*What the task requires:* Using the data below, return word for word every line from the one holding "Toyota Yaris (2025) thumbnail 4" down to the one holding "Plaza Bed & Breakfast 2*". Leave pictures out.

*Source data:*
/---

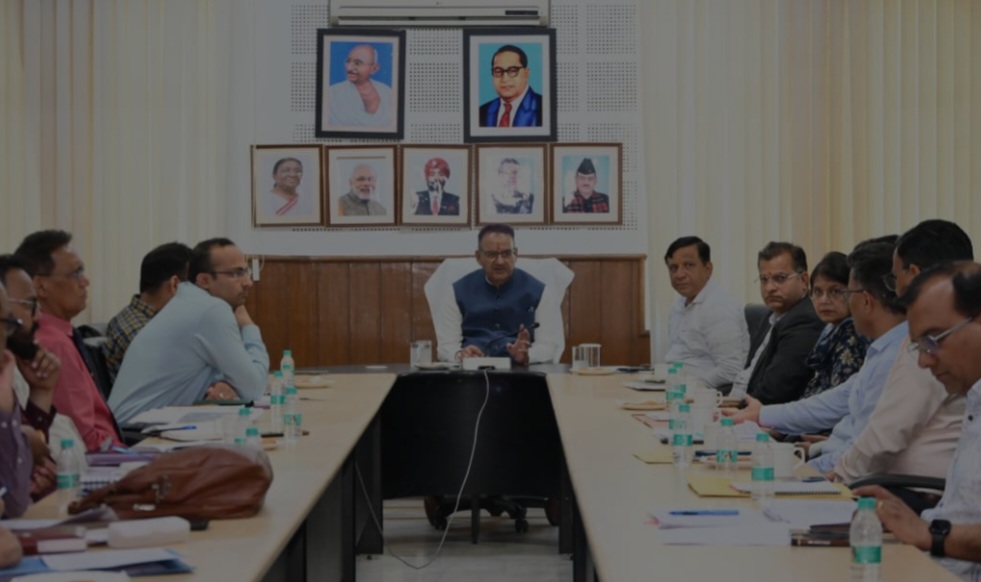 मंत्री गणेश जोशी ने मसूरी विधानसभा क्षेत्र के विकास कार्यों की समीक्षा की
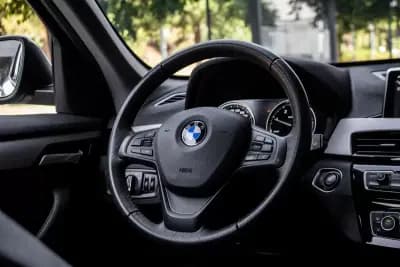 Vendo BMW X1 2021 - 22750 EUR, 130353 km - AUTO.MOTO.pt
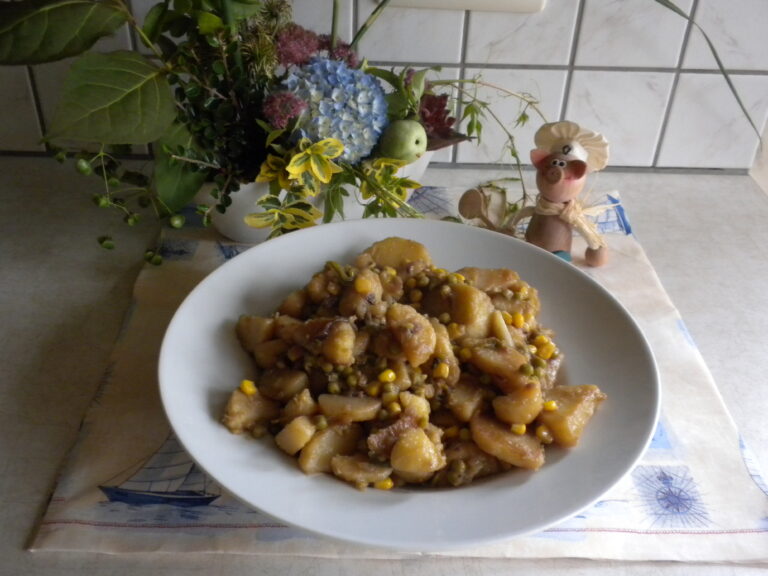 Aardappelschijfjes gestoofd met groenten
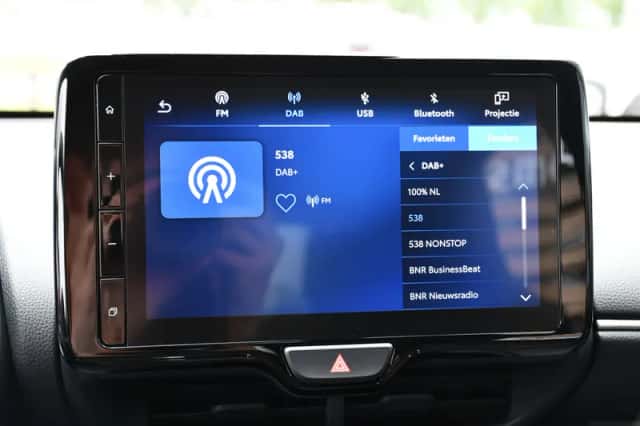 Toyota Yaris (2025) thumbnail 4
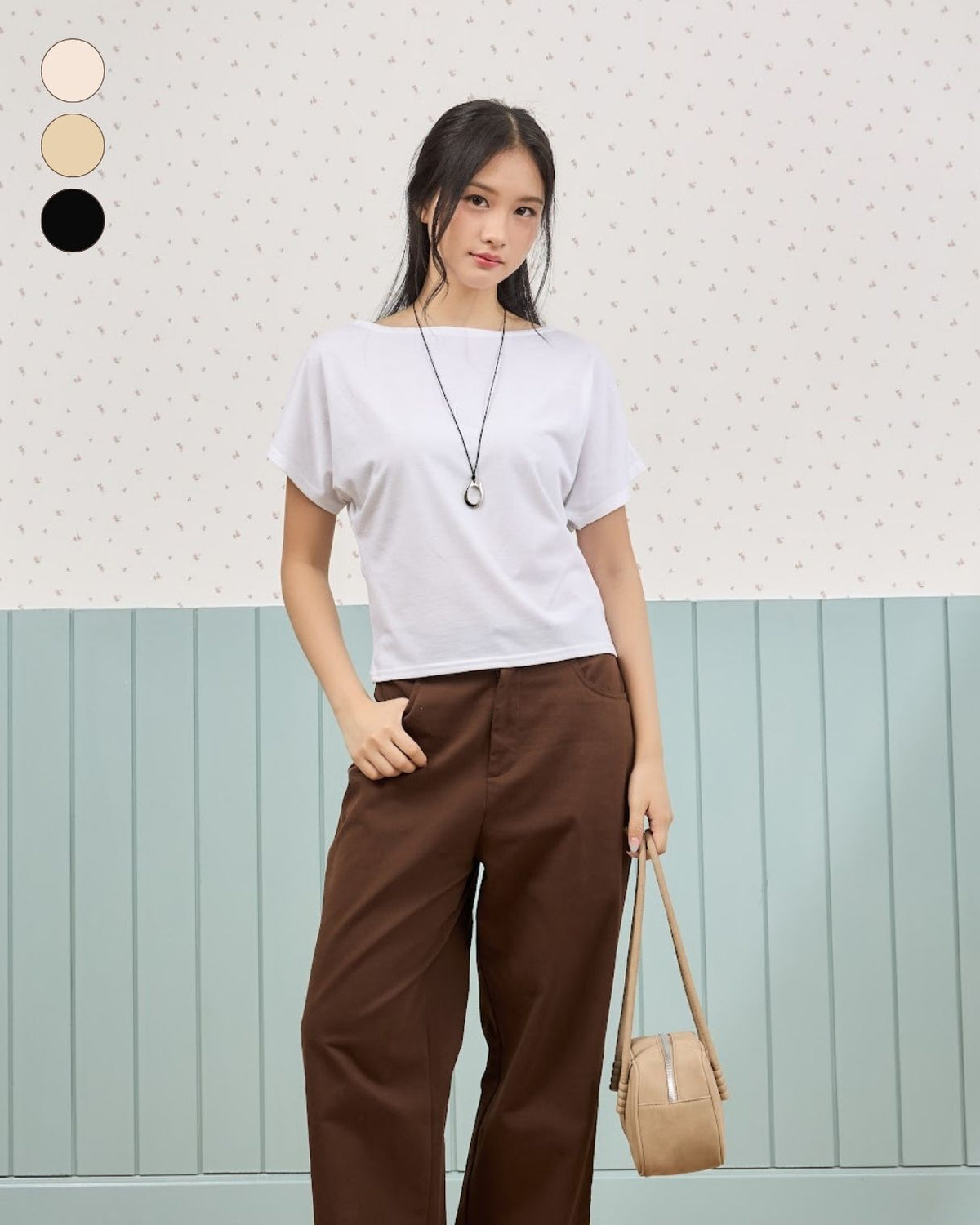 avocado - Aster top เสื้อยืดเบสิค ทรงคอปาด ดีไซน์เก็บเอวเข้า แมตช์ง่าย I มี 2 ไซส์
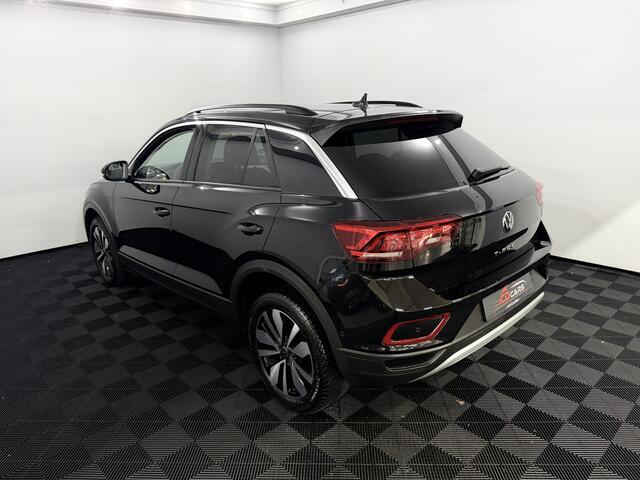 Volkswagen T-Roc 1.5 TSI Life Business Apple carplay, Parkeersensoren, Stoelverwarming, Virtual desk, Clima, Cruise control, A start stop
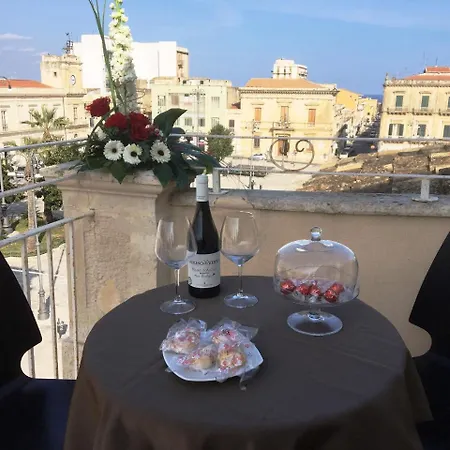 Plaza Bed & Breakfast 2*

\---
/---

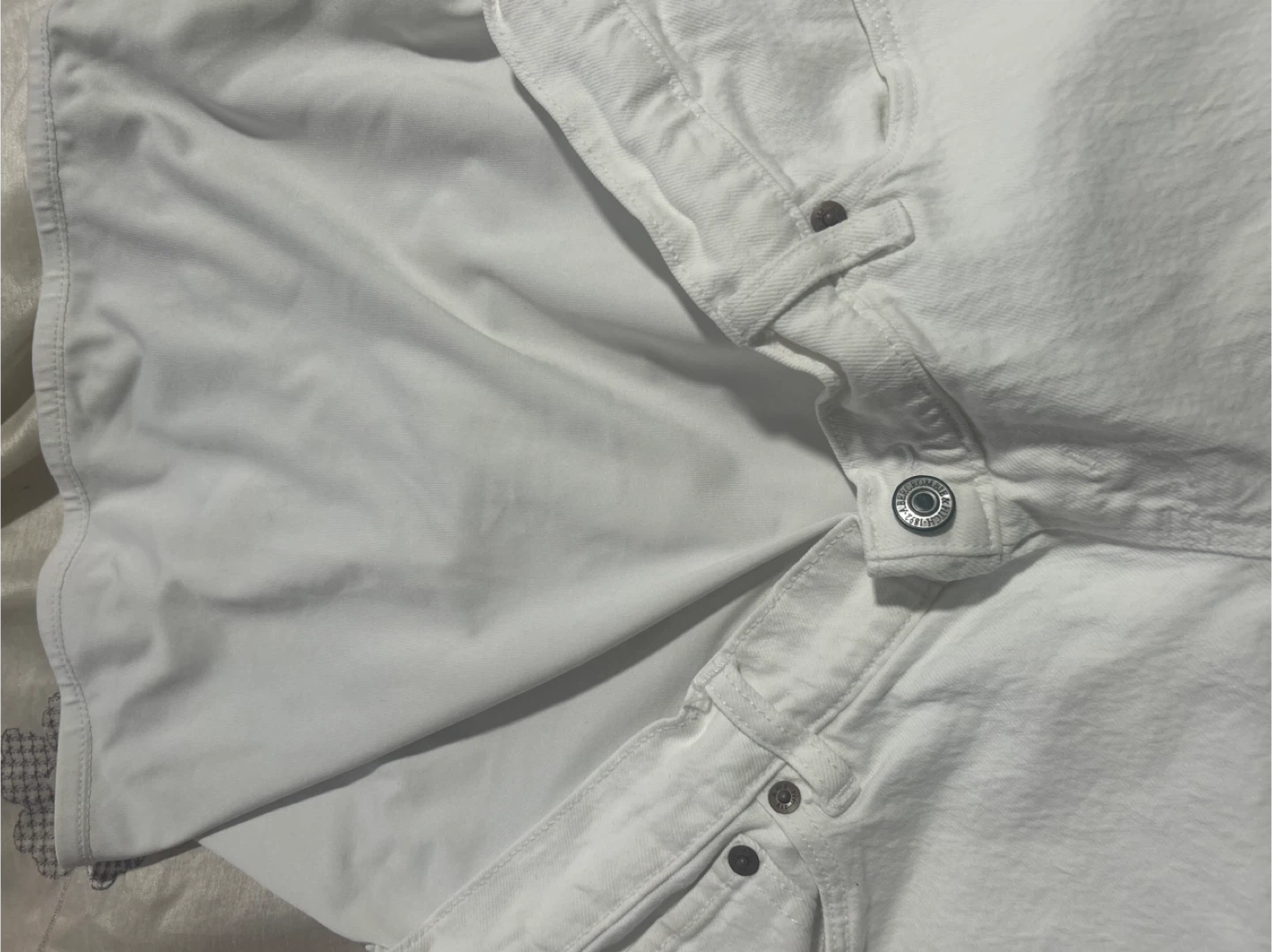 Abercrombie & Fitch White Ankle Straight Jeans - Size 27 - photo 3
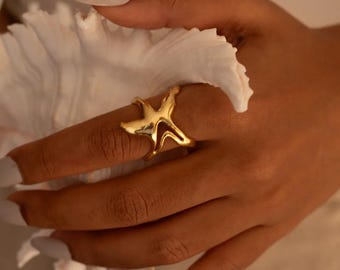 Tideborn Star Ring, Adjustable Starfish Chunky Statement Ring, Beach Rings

\---

*Answer for this exercise:*
 Toyota Yaris (2025) thumbnail 4
 avocado - Aster top เสื้อยืดเบสิค ทรงคอปาด ดีไซน์เก็บเอวเข้า แมตช์ง่าย I มี 2 ไซส์
 Volkswagen T-Roc 1.5 TSI Life Business Apple carplay, Parkeersensoren, Stoelverwarming, Virtual desk, Clima, Cruise control, A start stop
 Plaza Bed & Breakfast 2*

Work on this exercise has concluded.